School of One students speak to remote tutors. (GothamSchools)

I reported earlier today about the School of One, a new program to personalize instruction for every student. This morning I got to see the program in action.

Inside the library at MS 131, where bookshelves had been covered with canvas, one set of students dialed in to distant tutors by phone while another set worked one-on-one with teachers in a section of the room called “The Bronx Zoo.” At the same time, data analysts manned a behind-the-scenes command center, where a powerful computer calculated exactly what each student needed to learn.

For a classroom being revolutionized by technology, some of the interactions between teachers and students were decidedly low-tech. In a partitioned area of the library called “Brooklyn,” a teacher patiently redirected several of the dozen students sitting around a large table when they shouted out. “I want to play games,” one boy called. “I want to go home,” another interrupted.

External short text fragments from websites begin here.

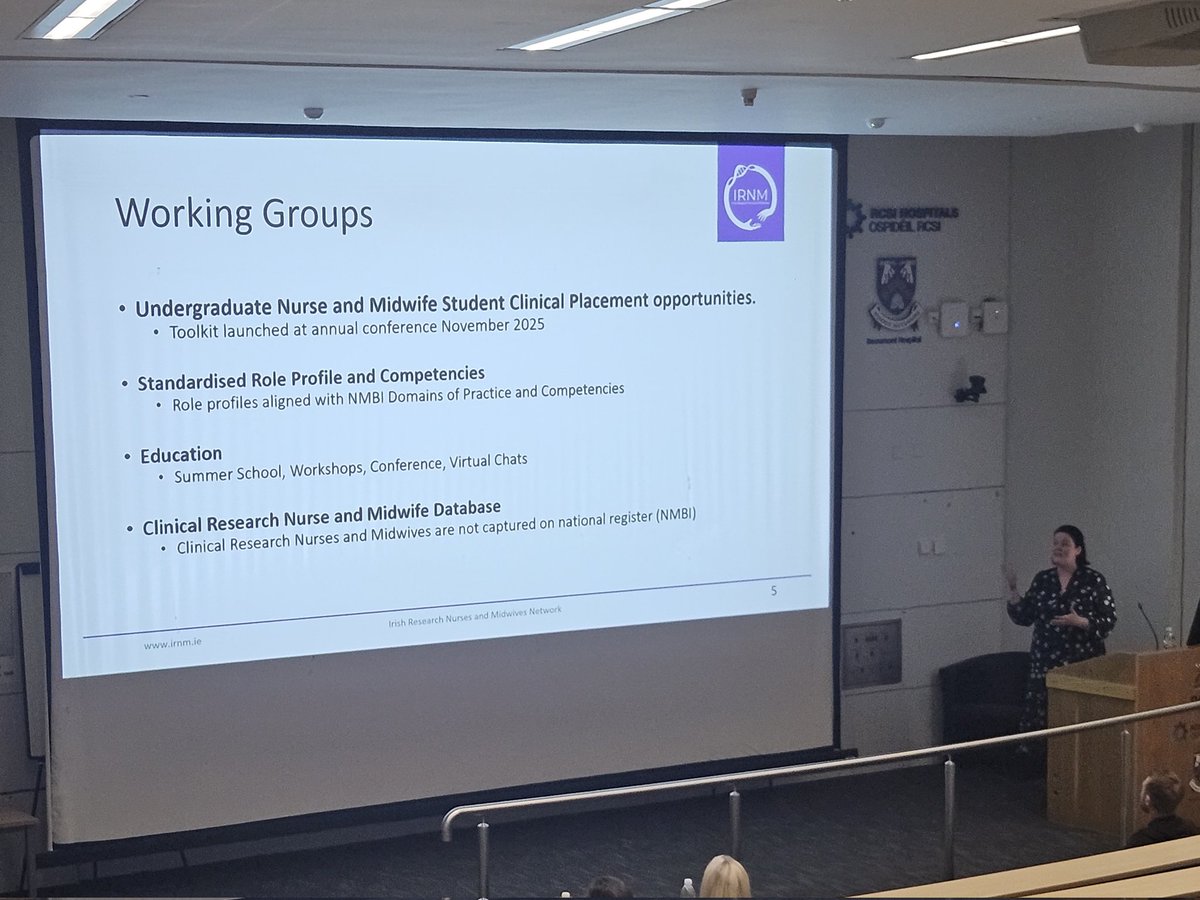 smythm86's tweet photo. @simonewalshRGN presenting on @Irish_RNM activities as part of the @Beaumont_Dublin @RCSI_Irl conference to celebrate International Clinical Trials Day. Well done Simone for representing the voice of research nurses and midwives in Ireland #BuildingResearchCapacity #IRNM2025 https://t.co/UbB0IC5GBG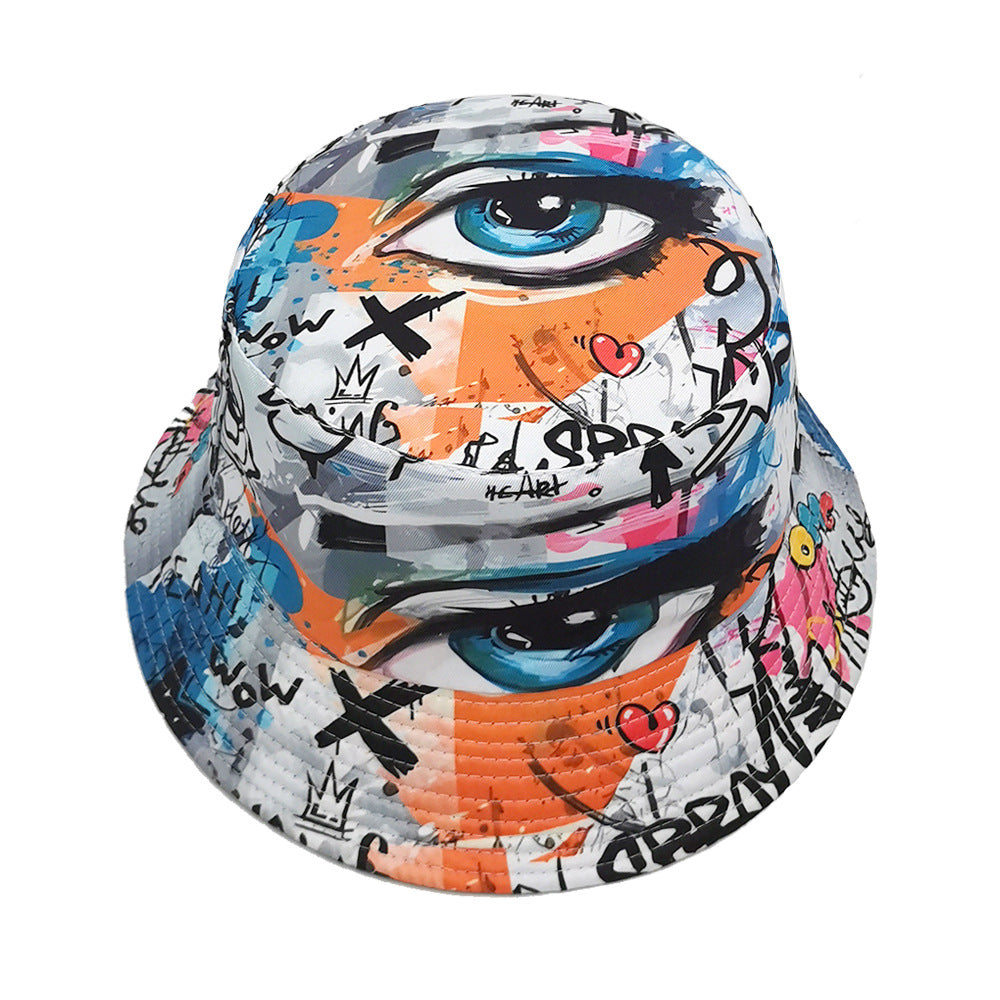 eye print bucket hat on white bucket hats style, smooth polyester fabric with retro art vibe for festivals and holidays
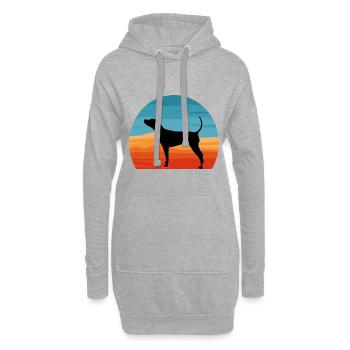 Noir Et Tan Coonhound Chien Silhouette Rétro Soleil - Sweat-shirt à capuche long Femme - gris chiné - Devant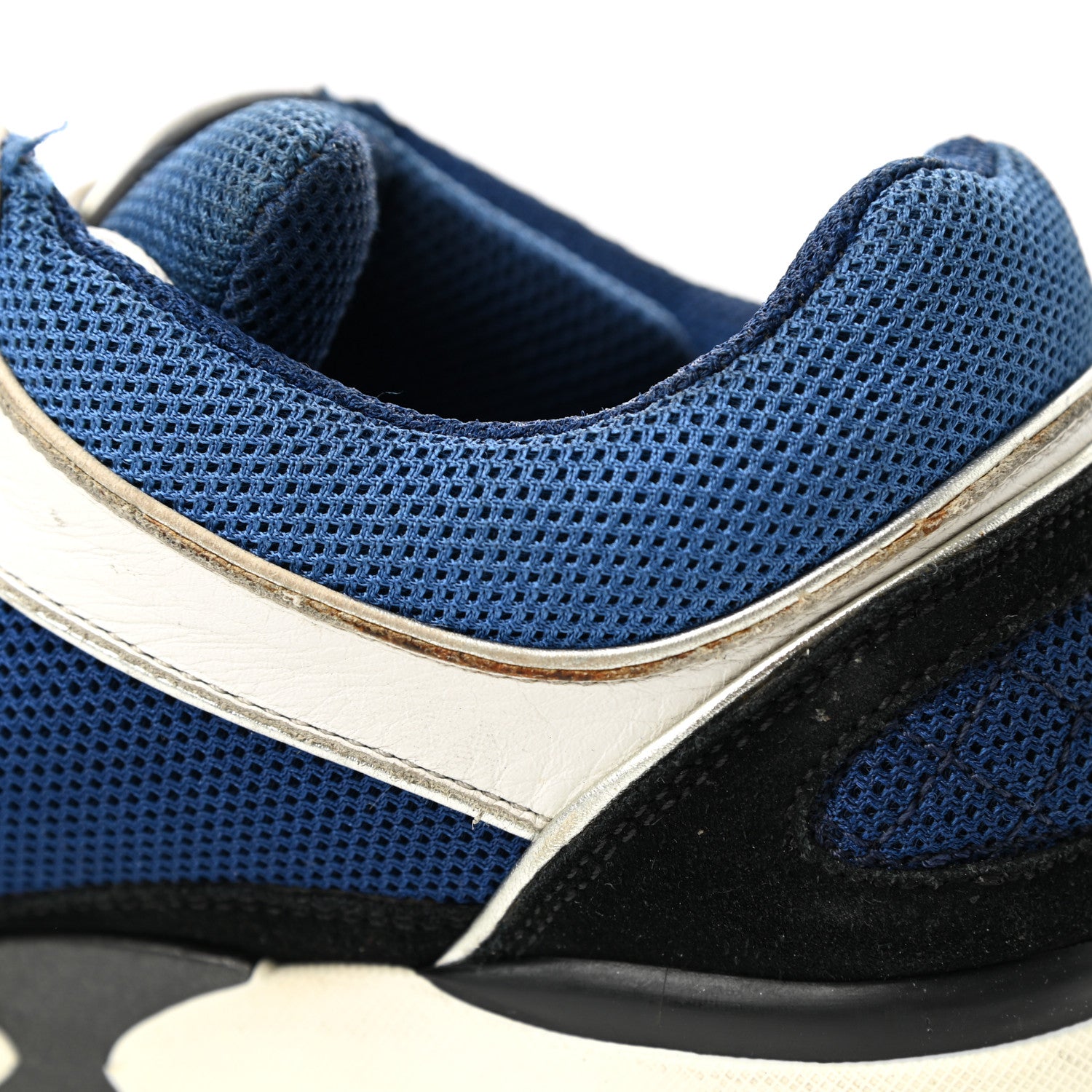Chanel Mesh Suede Calfskin Womens CC Sneakers 39 Dark Blue Black White 11 of 12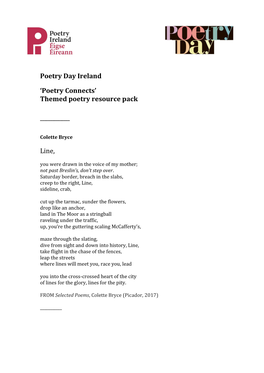 Poetry Day Ireland 'Poetry Connects' Themed Poetry Resource Pack Line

In another part of the library, a girl talking with a distant tutor through a headset raised her hand and summoned a teacher. “I need a pen!” she said.

School of One founder Joel Rose said today that tasks that can be uniquely accomplished by teachers should be all the teachers do. “What we want our teachers to focus on is the hardest part of the equation, which is delivering great lessons,” Rose said.

So at the School of One, teachers aren’t expected to do much daily planning. Instead, the same computer program that generates students’ schedules also gives teachers a personalized lesson plan for each day along with suggestions about the best materials to use. The four teachers added materials of their own to the program’s “lesson bank” before the summer started, and most also augment the curriculum materials suggested by the “learning algorithm,” according to a teacher, Matt Miller. 

Teacher Matt Miller works with a small group of students at MS 131

Teacher Matt Miller works with a small group of School of One students. In the background, students work independently. (GothamSchools)

Miller, who has taught at MS 131 for four years, said School of One offers more than lip service to the in-vogue tropes of data-driven teaching and differentiated instruction. He said the school’s teachers are communicating more than ever about what works in their instruction. And he noted that the program’s robust data collection schedule has the potential to let curriculum publishers about which materials are most effective.

Schools Chancellor Joel Klein said he asked School of One officials to make sure the pilot program didn’t cost any more on a day-to-day basis as a regular summer school program.

The vast majority of the program’s $1 million price tag, 90 percent, went into developing the “learning algorithm,” the bank of curriculum materials, and other things that can be scaled up without much additional cost, Rose said. The program’s development has so far cost the city about $300,000, with the balance being footed by private companies such as Cisco and Microsoft.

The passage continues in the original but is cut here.